>>>

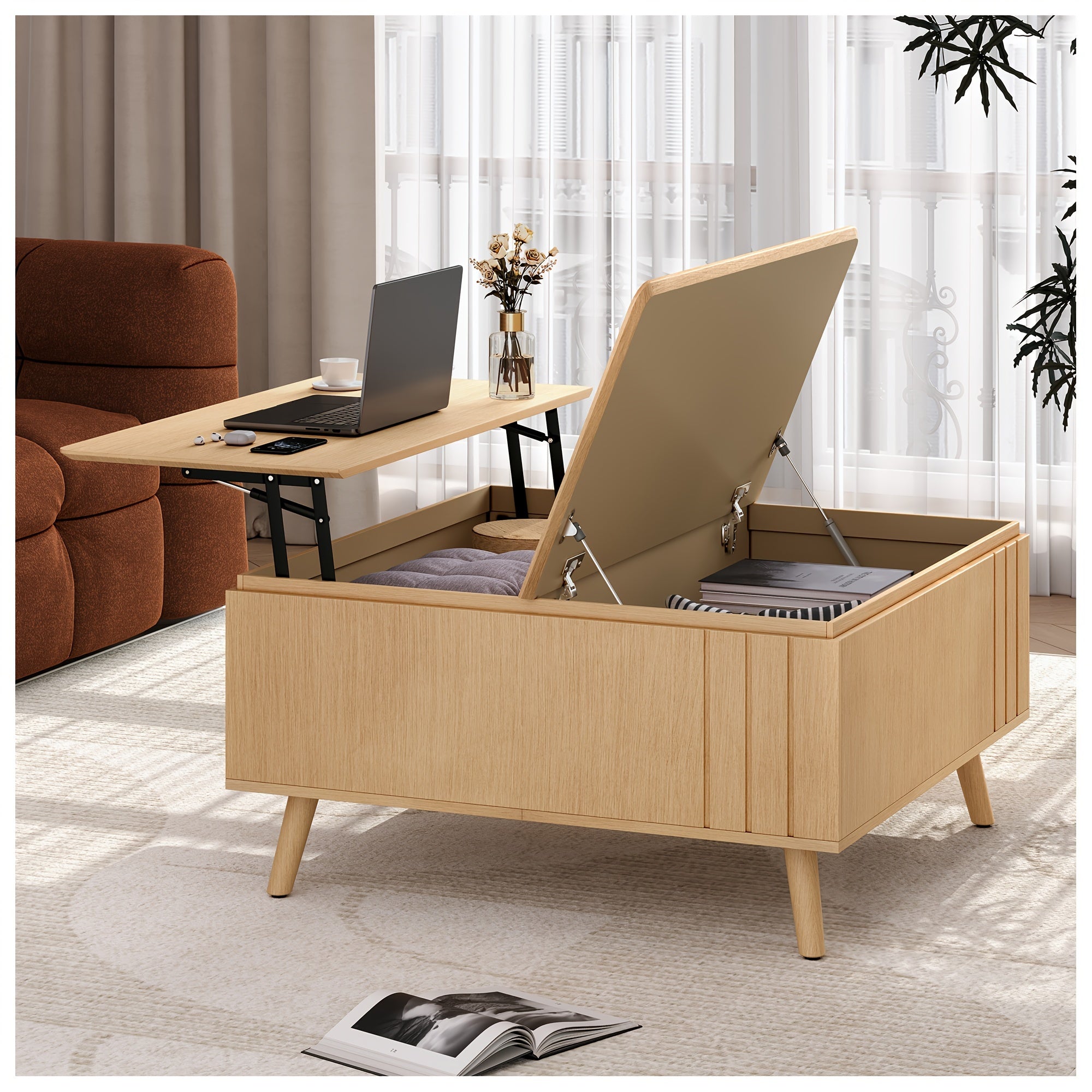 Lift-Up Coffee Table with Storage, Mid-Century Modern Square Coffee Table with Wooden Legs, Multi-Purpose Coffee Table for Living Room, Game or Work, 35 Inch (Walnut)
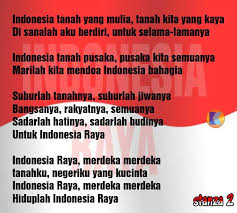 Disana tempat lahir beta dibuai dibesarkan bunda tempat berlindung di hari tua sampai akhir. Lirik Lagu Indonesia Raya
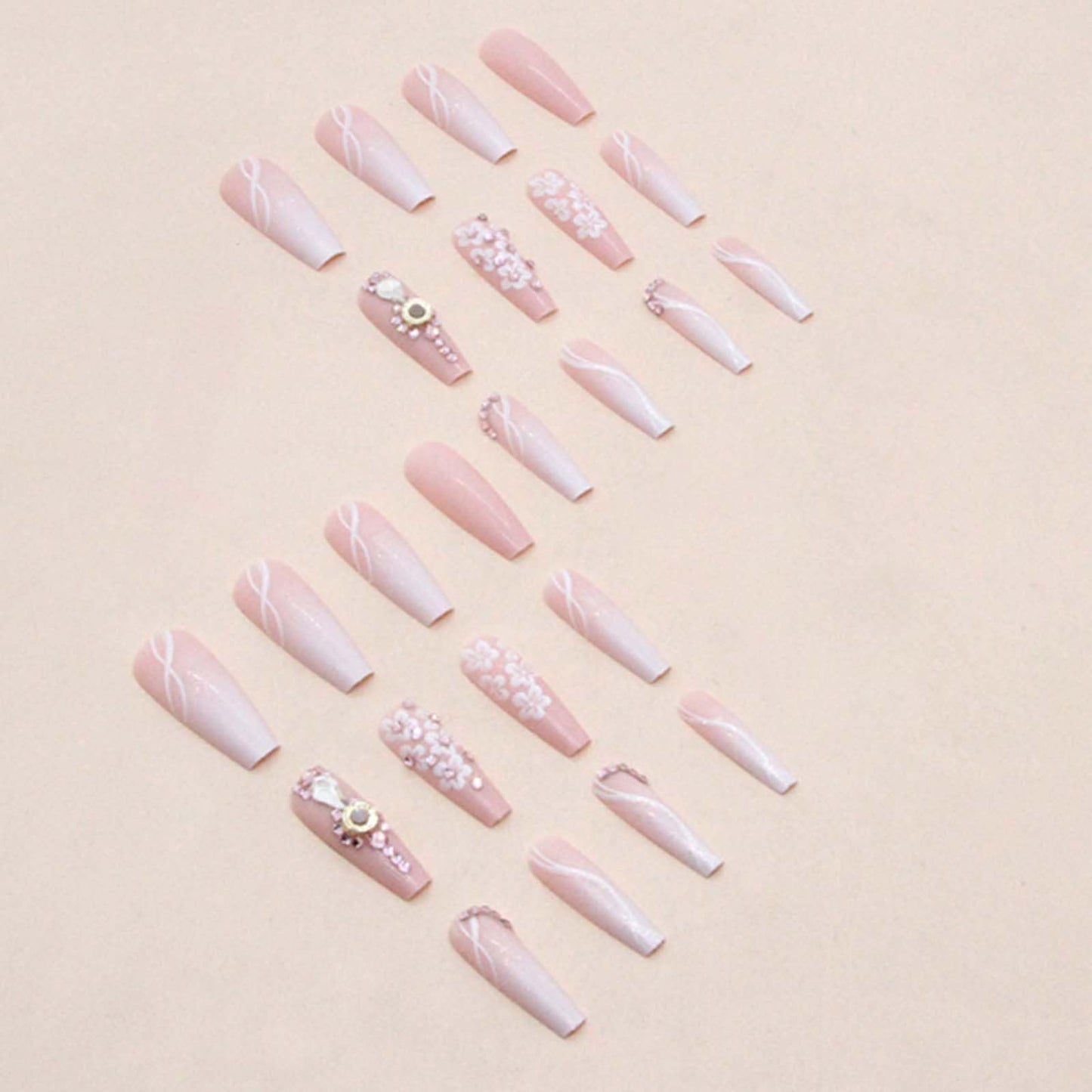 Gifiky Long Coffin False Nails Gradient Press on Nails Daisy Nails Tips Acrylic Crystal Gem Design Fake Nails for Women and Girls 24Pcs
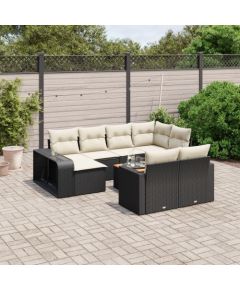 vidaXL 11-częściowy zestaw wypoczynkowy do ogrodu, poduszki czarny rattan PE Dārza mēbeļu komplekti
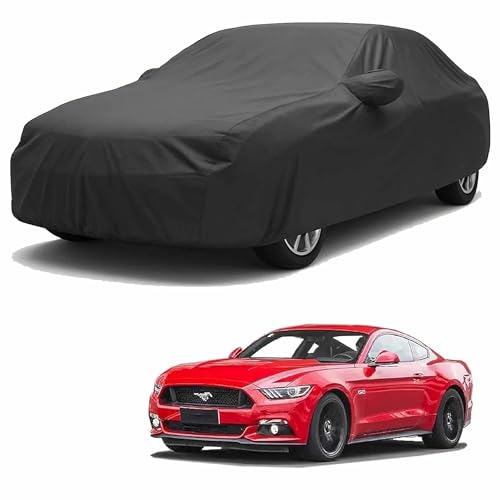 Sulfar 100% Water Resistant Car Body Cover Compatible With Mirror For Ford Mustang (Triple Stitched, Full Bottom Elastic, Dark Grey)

<<<

- [Task brief]: Would you give the entries above again verbatim, omitting the images they contain?

- [Task solution]:
 Lift-Up Coffee Table with Storage, Mid-Century Modern Square Coffee Table with Wooden Legs, Multi-Purpose Coffee Table for Living Room, Game or Work, 35 Inch (Walnut)
 Disana tempat lahir beta dibuai dibesarkan bunda tempat berlindung di hari tua sampai akhir. Lirik Lagu Indonesia Raya
 Gifiky Long Coffin False Nails Gradient Press on Nails Daisy Nails Tips Acrylic Crystal Gem Design Fake Nails for Women and Girls 24Pcs
 vidaXL 11-częściowy zestaw wypoczynkowy do ogrodu, poduszki czarny rattan PE Dārza mēbeļu komplekti
 Sulfar 100% Water Resistant Car Body Cover Compatible With Mirror For Ford Mustang (Triple Stitched, Full Bottom Elastic, Dark Grey)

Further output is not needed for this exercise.